JUST IN: Tinubu appoints Olukoyede as EFCC Chairman
President Bola Tinubu on Thursday approved the appointment of Mr. Ola Olukoyede to serve as the Executive Chairman of the Economic and Financial Crimes Commission for a renewable term of four years in the first instance, pending Senate confirmation.
This comes nearly four months after he suspended the erstwhile anti-graft agency chief, Mr Abdulrasheed Bawa.
“Mr. Olukayode’s appointment follows the resignation of the suspended Executive Chairman of the EFCC, Mr. Abdulrasheed Bawa,” a statement signed by the President’s Special Adviser to the President on Media and Publicity, Ajuri Ngelale, read on Thursday.
The statement is titled ‘President Tinubu appoints new EFCC. Chairman and Secretary of the Commission.’
Olukoyede is a lawyer with over 22 years of experience as a regulatory compliance consultant and specialist in fraud management and corporate intelligence.

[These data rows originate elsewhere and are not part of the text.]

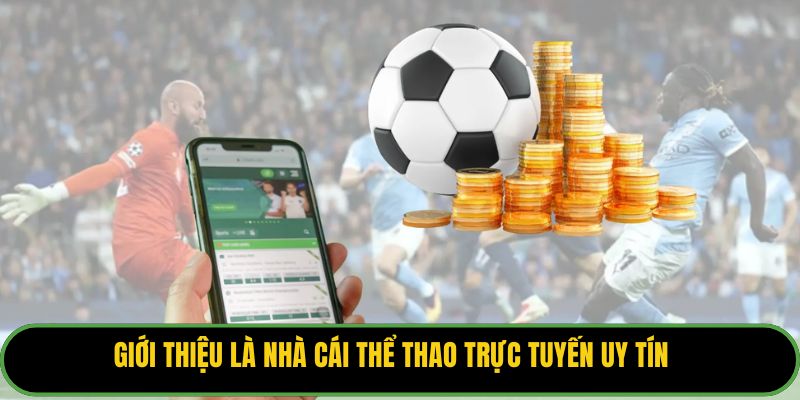Giới thiệu là nhà cái thể thao trực tuyến uy tín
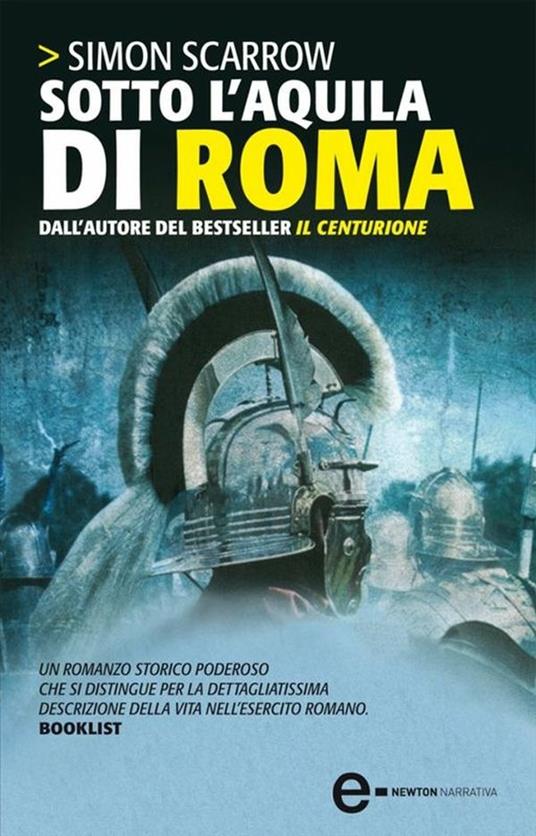 Sotto l'aquila di Roma - Simon Scarrow,Roberto Lanzi - ebook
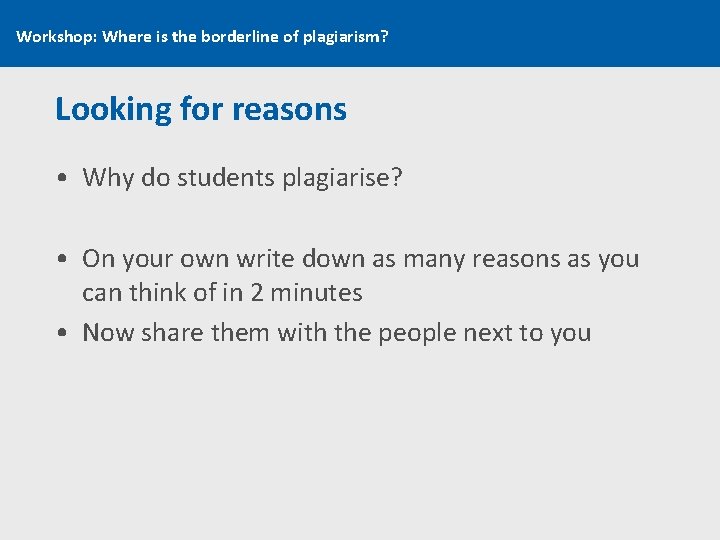 Workshop: Where is the borderline of plagiarism? Looking for reasons • Why do students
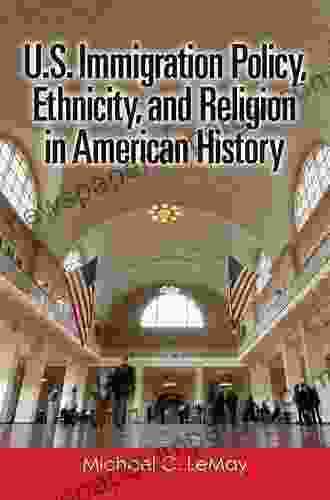 U S Immigration Policy Ethnicity And Religion In American History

He has extensive experience in the operations of the EFCC, having previously served as Chief of Staff to the Executive Chairman (2016-2018) and Secretary to the Commission (2018-2023). As such, he fulfills the statutory requirement for appointment as Chairman of the EFCC.
President Tinubu also approved the appointment of Mr. Muhammad Hammajoda to serve as the Secretary of the EFCC for a renewable term of five years in the first instance, pending Senate confirmation.
Hammajoda is a public administrator with extensive experience in public finance management who holds a Bachelor of Science degree in Accounting from the University of Maiduguri and a Masters in Business Administration from the same university.
He began his career as a lecturer at the Federal Polytechnic, Mubi. From there, he went into banking, including successful stints at the defunct Allied Bank and Standard Trust Bank.
The president tasked the new leadership of the commission to justify the confidence given to them in this important national assignment as a newly invigorated war on corruption undertaken through a reformed institutional architecture in the anti-corruption sector remains a central pillar of the President’s Renewed Hope agenda.